__EXERCISE OBJECTIVE__: Each line starting at the one that contains "CG-1000L craft beer" and ending at the one that contains "Stoccolma Ice Table Spoon" must be returned exactly, and the rest of the listing is left out.

__DATA TO USE__:
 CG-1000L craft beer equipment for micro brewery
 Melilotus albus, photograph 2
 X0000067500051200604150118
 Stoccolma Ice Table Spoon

---

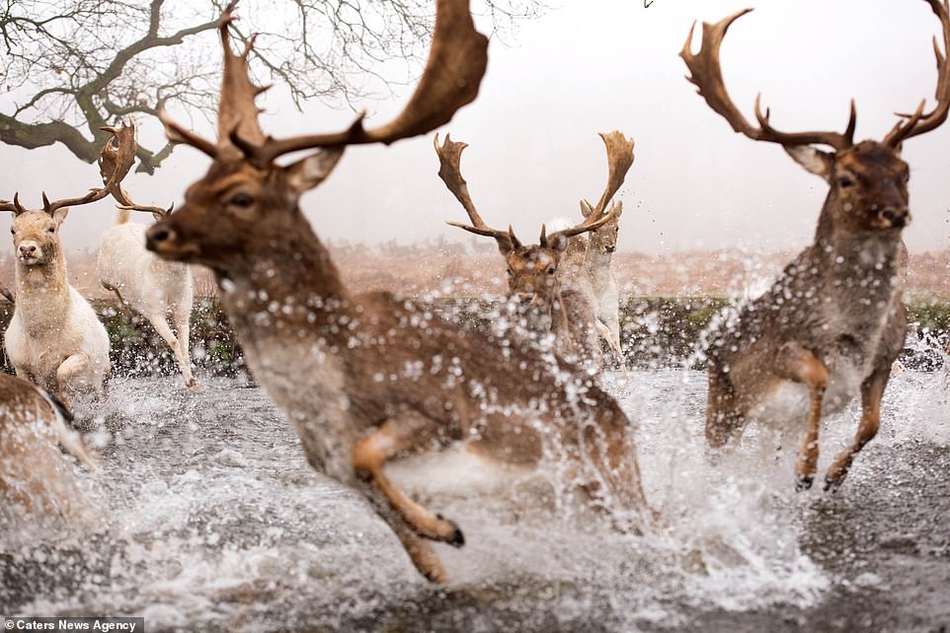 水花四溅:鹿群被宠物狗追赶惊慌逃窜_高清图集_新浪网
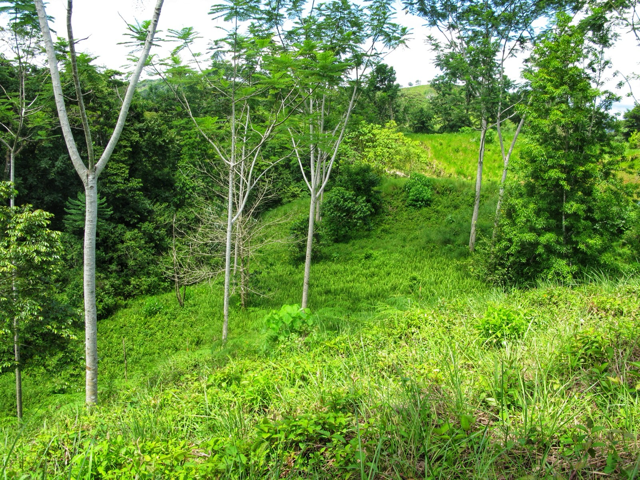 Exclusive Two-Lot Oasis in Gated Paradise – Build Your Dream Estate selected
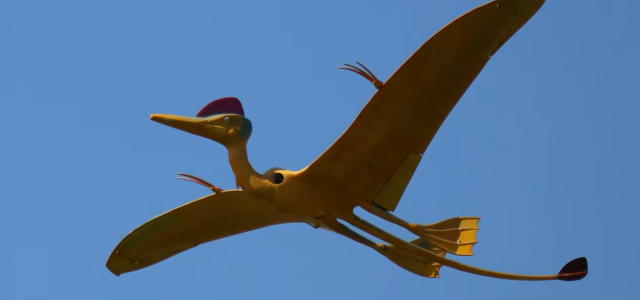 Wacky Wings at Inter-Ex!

__RESULT FOR THIS EXERCISE__:
 CG-1000L craft beer equipment for micro brewery
 Melilotus albus, photograph 2
 X0000067500051200604150118
 Stoccolma Ice Table Spoon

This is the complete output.